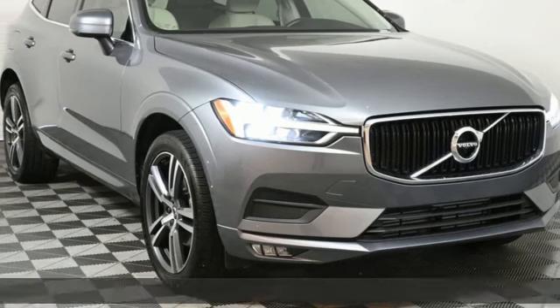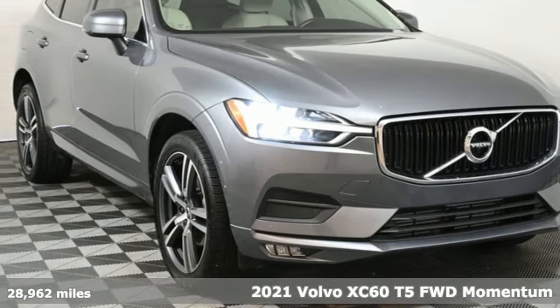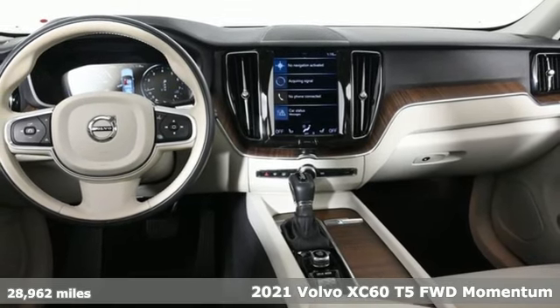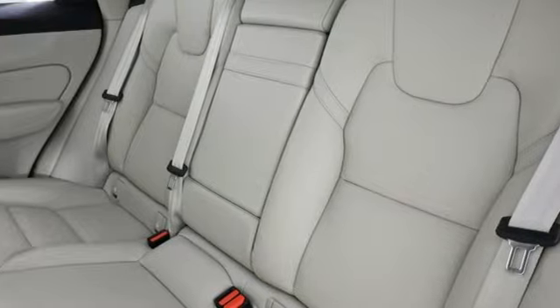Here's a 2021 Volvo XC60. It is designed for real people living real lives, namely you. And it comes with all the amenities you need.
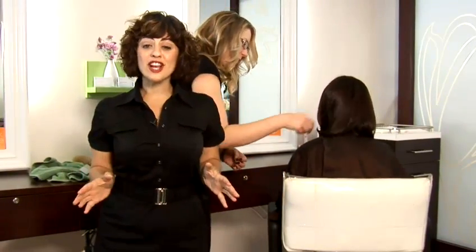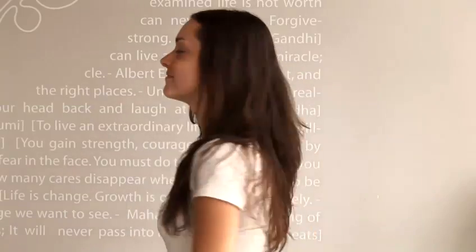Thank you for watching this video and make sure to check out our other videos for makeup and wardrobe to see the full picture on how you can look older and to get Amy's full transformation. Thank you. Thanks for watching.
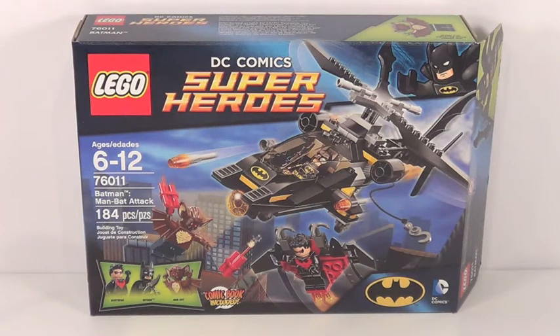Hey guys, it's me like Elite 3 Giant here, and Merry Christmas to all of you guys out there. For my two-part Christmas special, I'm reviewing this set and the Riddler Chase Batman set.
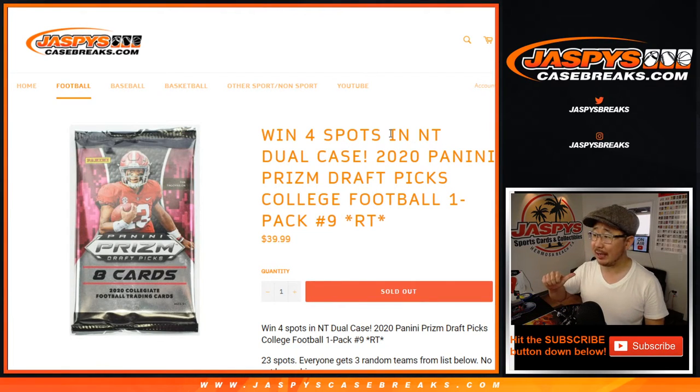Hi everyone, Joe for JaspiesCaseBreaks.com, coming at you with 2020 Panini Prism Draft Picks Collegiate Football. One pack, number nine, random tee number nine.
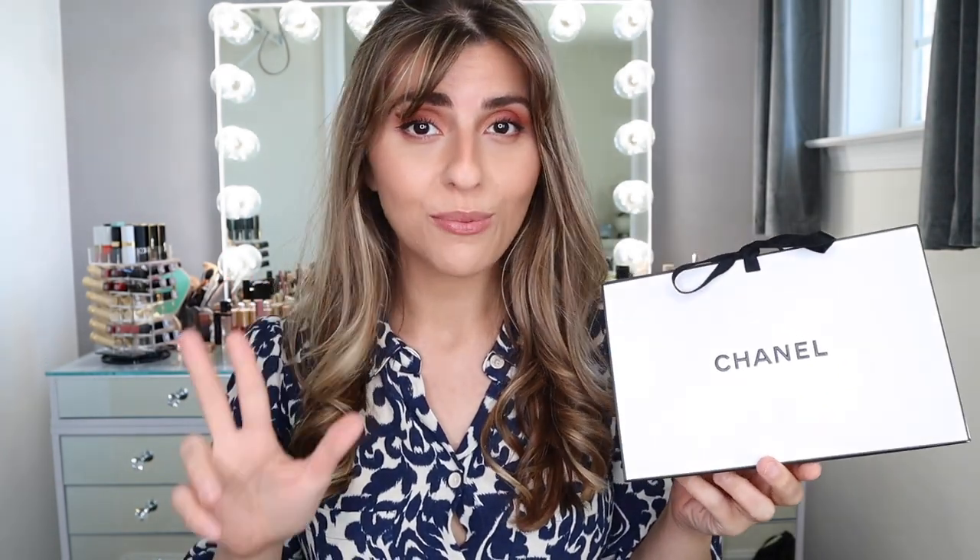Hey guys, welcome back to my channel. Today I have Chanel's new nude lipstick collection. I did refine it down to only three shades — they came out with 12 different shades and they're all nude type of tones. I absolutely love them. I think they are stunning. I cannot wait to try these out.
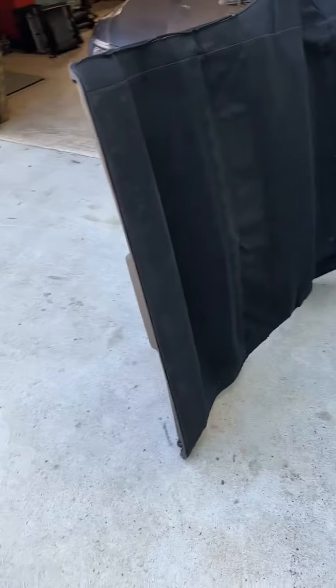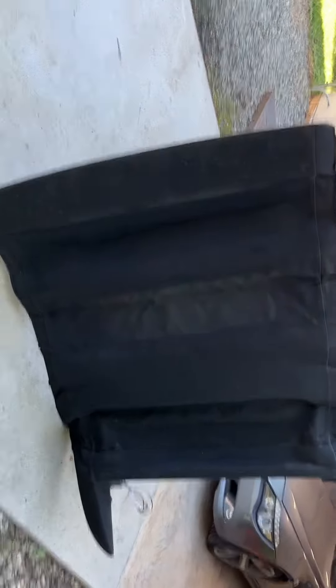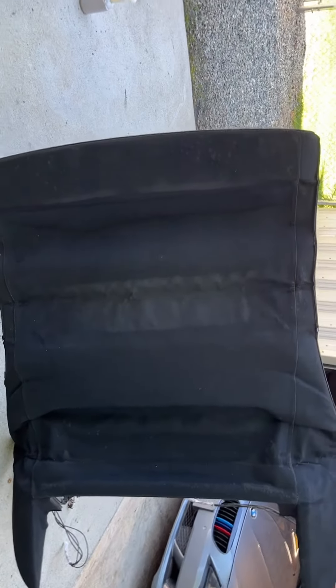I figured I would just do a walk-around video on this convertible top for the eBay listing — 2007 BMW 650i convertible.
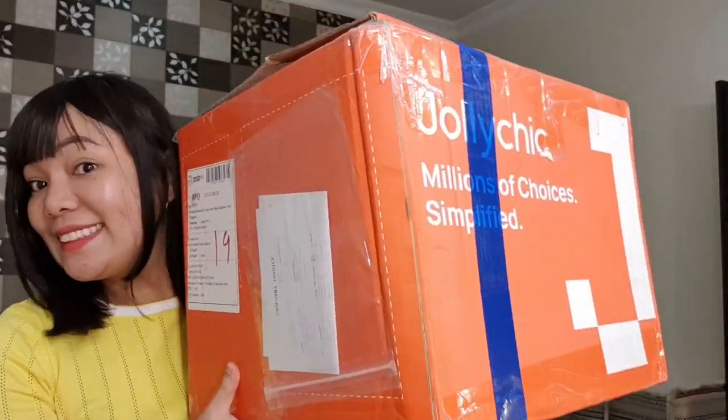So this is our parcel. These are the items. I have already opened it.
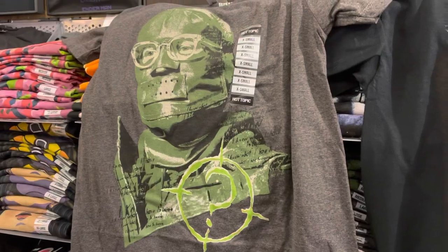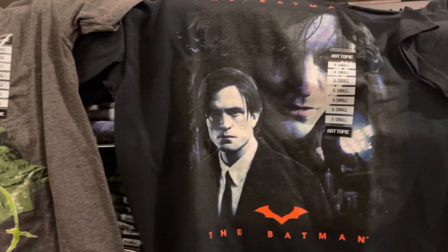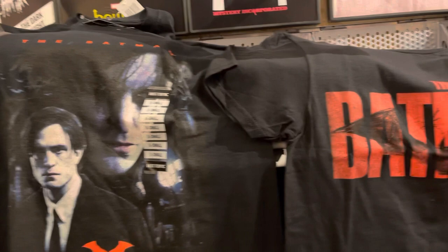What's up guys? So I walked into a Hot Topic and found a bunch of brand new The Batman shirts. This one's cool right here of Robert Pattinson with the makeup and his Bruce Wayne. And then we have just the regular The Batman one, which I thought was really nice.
......
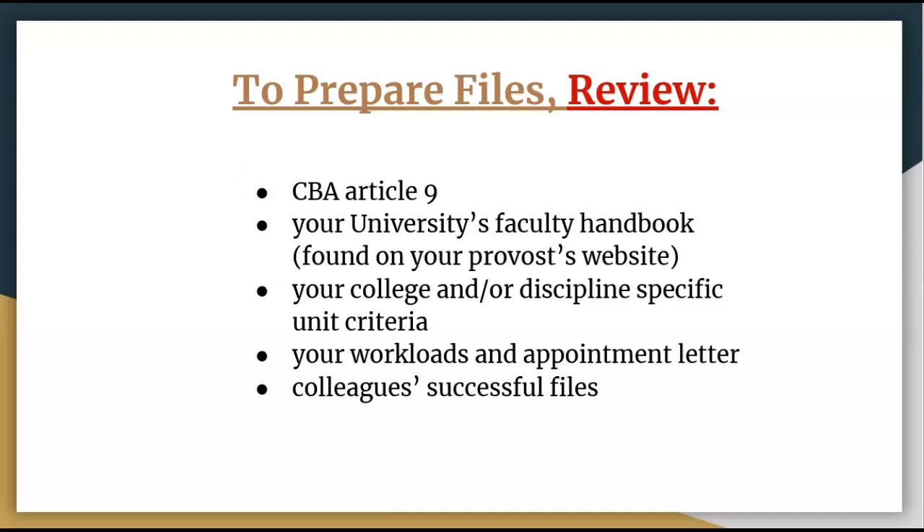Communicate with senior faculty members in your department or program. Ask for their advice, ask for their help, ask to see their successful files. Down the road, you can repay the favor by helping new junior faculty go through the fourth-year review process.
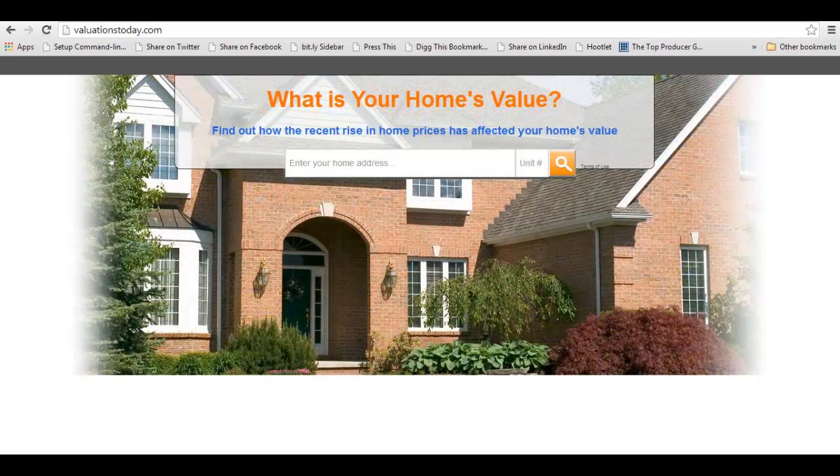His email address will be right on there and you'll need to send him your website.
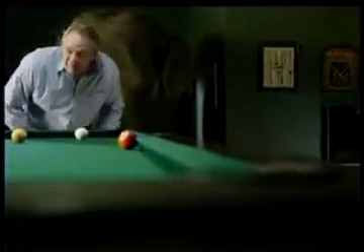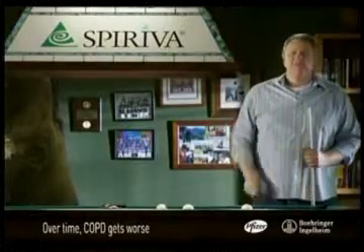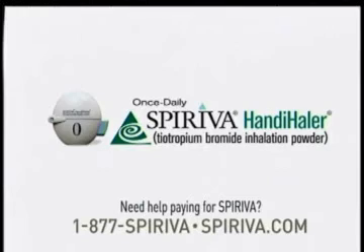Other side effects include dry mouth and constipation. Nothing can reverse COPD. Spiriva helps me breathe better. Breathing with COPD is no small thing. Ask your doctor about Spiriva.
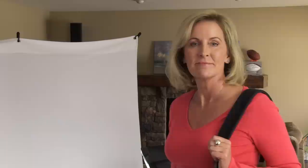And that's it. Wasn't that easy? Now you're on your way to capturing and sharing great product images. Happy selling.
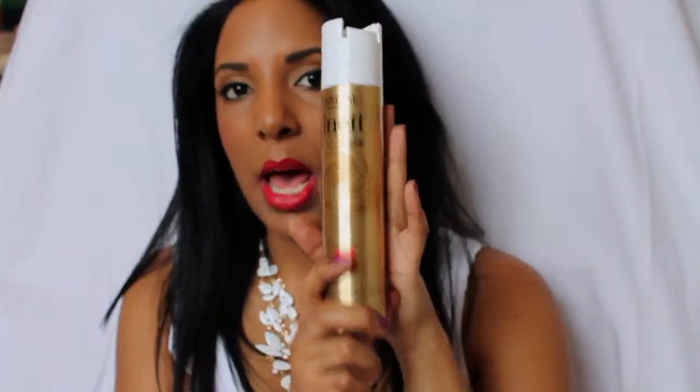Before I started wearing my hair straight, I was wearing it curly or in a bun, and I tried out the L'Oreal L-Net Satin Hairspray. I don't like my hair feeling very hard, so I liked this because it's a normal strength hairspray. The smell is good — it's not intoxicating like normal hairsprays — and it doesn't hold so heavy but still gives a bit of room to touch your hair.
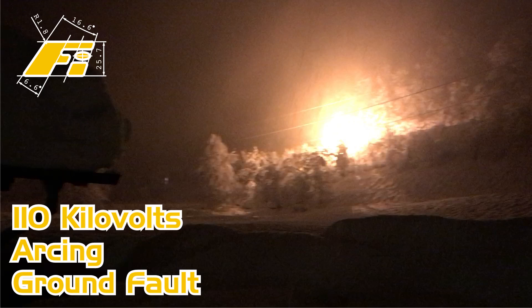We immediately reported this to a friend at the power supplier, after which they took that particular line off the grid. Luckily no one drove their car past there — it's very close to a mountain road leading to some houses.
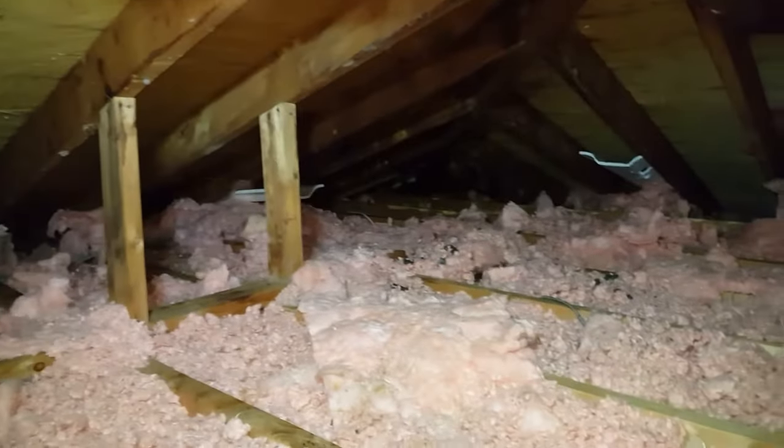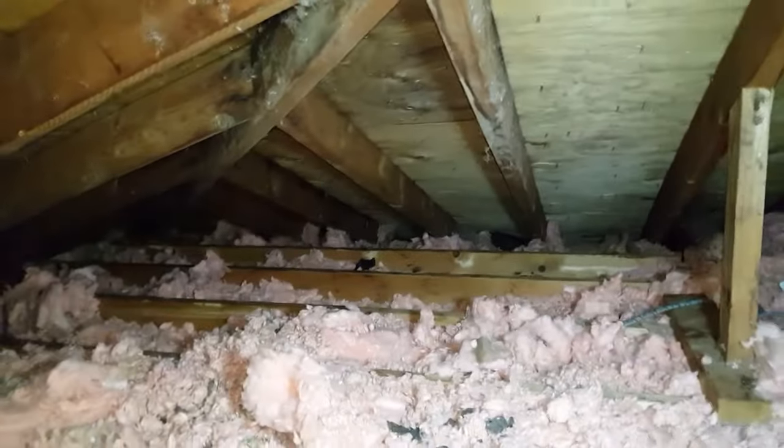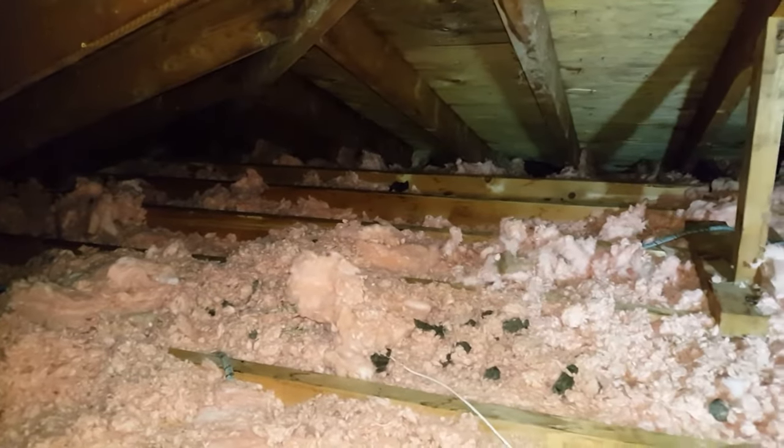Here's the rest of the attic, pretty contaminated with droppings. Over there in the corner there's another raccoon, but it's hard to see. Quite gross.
......
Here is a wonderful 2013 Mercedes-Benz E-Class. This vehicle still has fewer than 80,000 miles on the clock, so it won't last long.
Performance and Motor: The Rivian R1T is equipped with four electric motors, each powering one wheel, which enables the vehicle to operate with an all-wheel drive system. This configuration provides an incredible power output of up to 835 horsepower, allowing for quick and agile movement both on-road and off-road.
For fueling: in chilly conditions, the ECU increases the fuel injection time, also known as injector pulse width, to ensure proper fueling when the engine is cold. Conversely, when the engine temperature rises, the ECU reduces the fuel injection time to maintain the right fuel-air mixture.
......
> DIRECTIONS: Return word for word the lines of the listing above, starting at the line with "Before I started" and ending at the line with "Here's the rest", both included. Pictures do not belong in the copy.

> WRITTEN REPLY:
Before I started wearing my hair straight, I was wearing it curly or in a bun, and I tried out the L'Oreal L-Net Satin Hairspray. I don't like my hair feeling very hard, so I liked this because it's a normal strength hairspray. The smell is good — it's not intoxicating like normal hairsprays — and it doesn't hold so heavy but still gives a bit of room to touch your hair.
We immediately reported this to a friend at the power supplier, after which they took that particular line off the grid. Luckily no one drove their car past there — it's very close to a mountain road leading to some houses.
Here's the rest of the attic, pretty contaminated with droppings. Over there in the corner there's another raccoon, but it's hard to see. Quite gross.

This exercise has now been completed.